EXERCISE PROMPT -
The line with "适合阳台种的四季都开的花，12种懒人花，一年四季都能开，阳台养花必备" marks where to begin; print it and all lines after it in the material below exactly, skipping pictures.

......

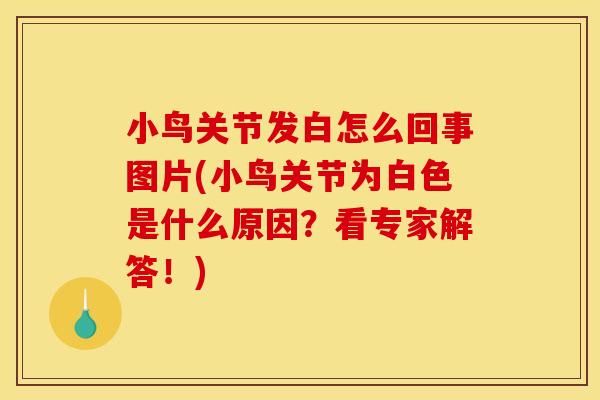 小鸟关节发白怎么回事图片(小鸟关节为白色是什么原因？看专家解答！)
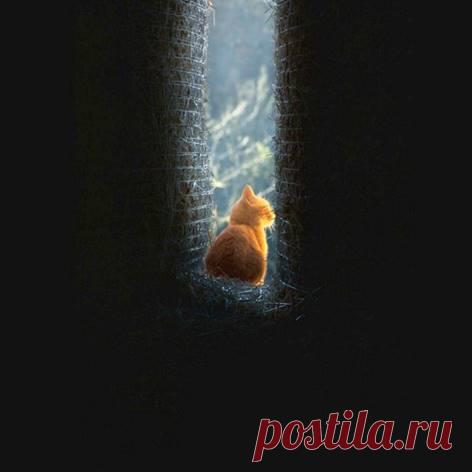 Разница между оптимистом и пессимистом: у одного день сменяет ночь, у другого - наоборот.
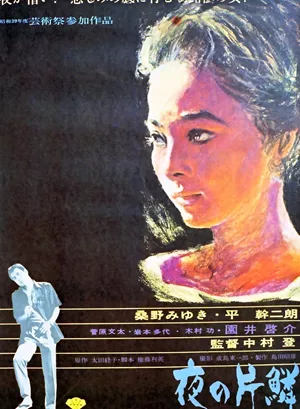 The Shape of the Night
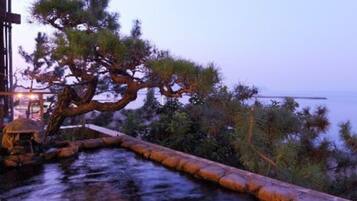 Aguas termales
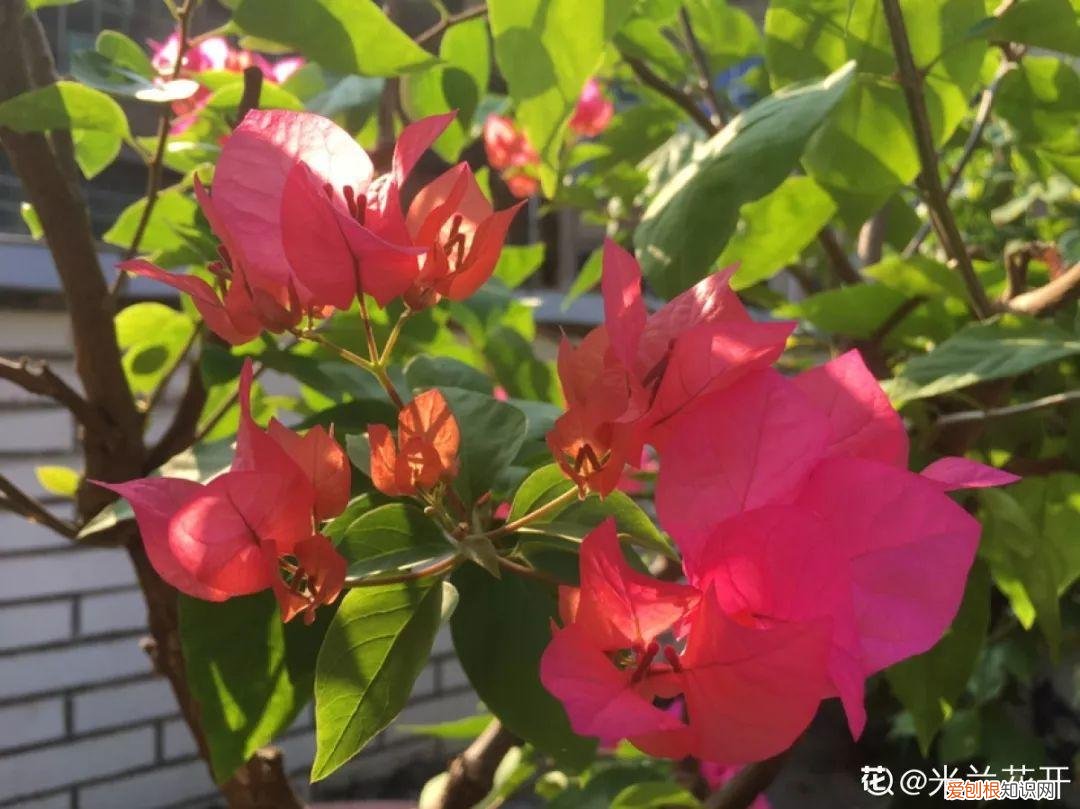 适合阳台种的四季都开的花，12种懒人花，一年四季都能开，阳台养花必备
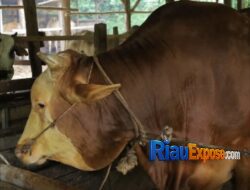 Hampir 1 Ton, Sapi Kurban Presiden Jalani Pemeriksaan Ketat di Riau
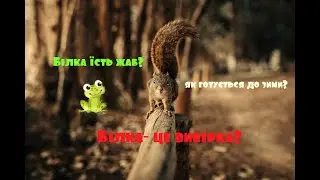 Білка. Що їдять білки? Як білка готується до зими?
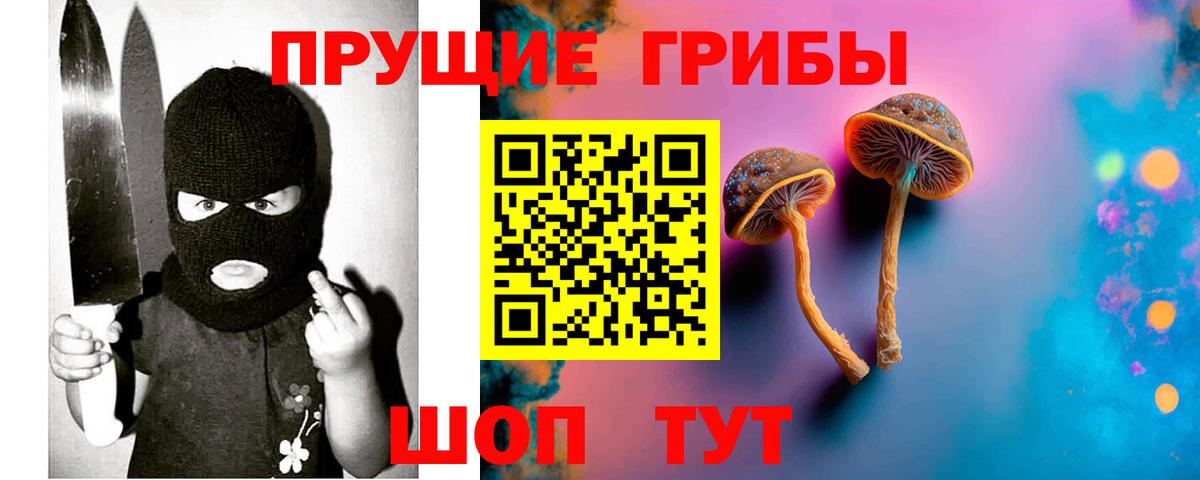 Вологда  Псилоцибиновые грибы прущие грибы  Псилоцибиновые грибы ЛСД  Вход с VPN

......

RESULT OF THIS EXERCISE -
 适合阳台种的四季都开的花，12种懒人花，一年四季都能开，阳台养花必备
 Hampir 1 Ton, Sapi Kurban Presiden Jalani Pemeriksaan Ketat di Riau
 Білка. Що їдять білки? Як білка готується до зими?
 Вологда  Псилоцибиновые грибы прущие грибы  Псилоцибиновые грибы ЛСД  Вход с VPN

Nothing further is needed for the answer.